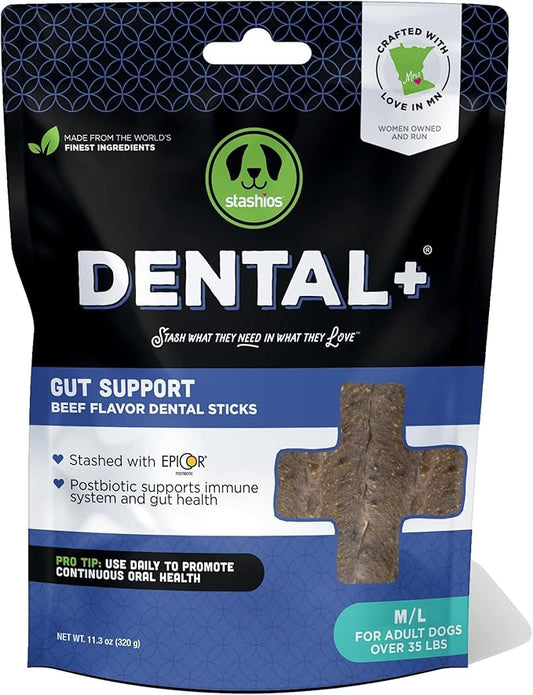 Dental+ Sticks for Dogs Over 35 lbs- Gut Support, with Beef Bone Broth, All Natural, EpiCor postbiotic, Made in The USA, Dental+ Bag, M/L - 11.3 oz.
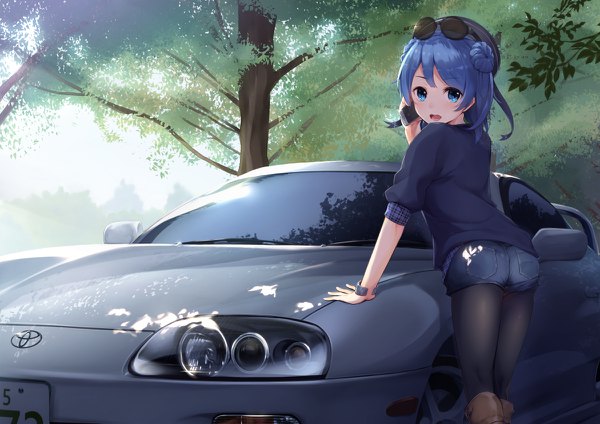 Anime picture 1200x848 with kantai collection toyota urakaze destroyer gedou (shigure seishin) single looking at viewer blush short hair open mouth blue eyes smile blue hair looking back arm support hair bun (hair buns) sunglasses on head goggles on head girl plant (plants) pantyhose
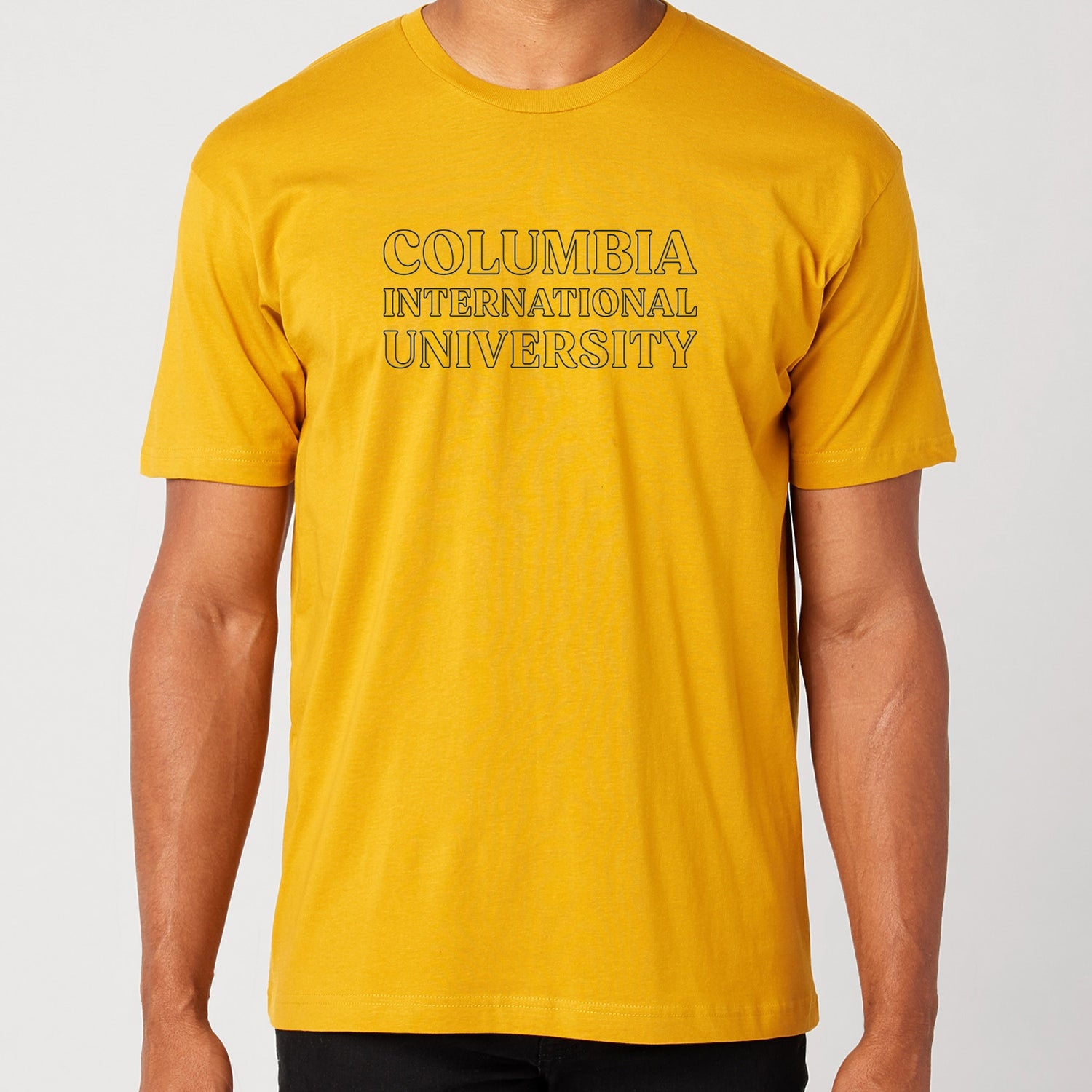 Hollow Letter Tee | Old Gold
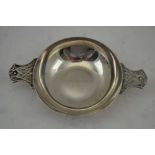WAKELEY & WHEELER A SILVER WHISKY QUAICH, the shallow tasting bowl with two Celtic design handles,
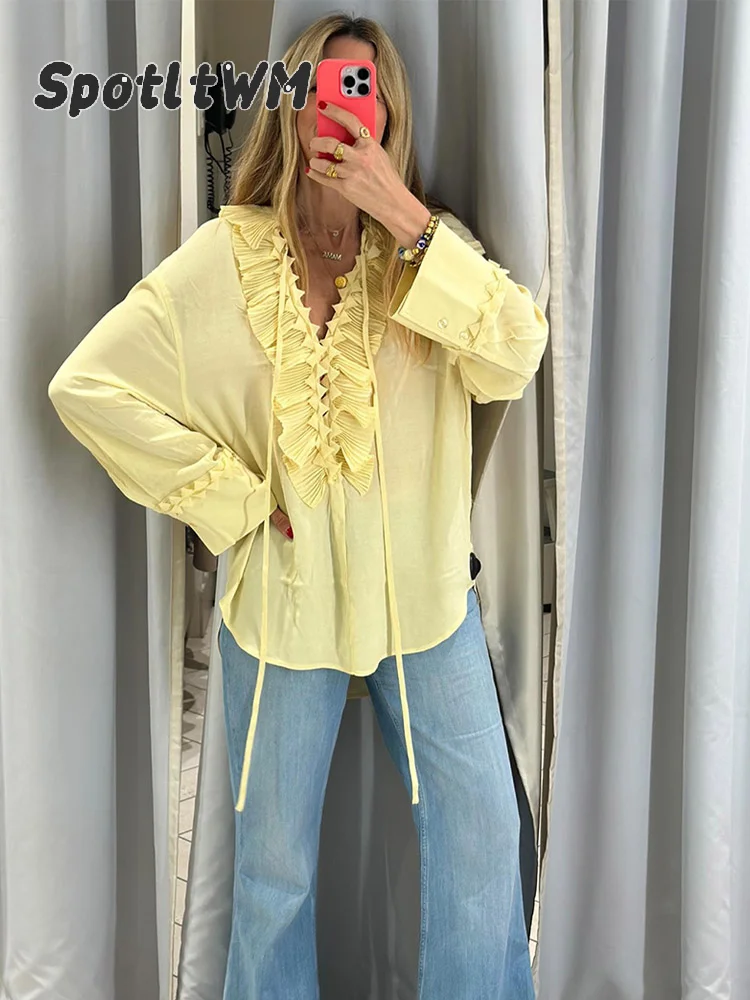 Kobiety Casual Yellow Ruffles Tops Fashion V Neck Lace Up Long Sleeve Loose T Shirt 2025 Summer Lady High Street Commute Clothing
****************
Reproduce word for word the lines from the line holding "WAKELEY & WHEELER" through the last line of the material above, inclusive, and keep pictures out of it.

WAKELEY & WHEELER A SILVER WHISKY QUAICH, the shallow tasting bowl with two Celtic design handles,
 Kobiety Casual Yellow Ruffles Tops Fashion V Neck Lace Up Long Sleeve Loose T Shirt 2025 Summer Lady High Street Commute Clothing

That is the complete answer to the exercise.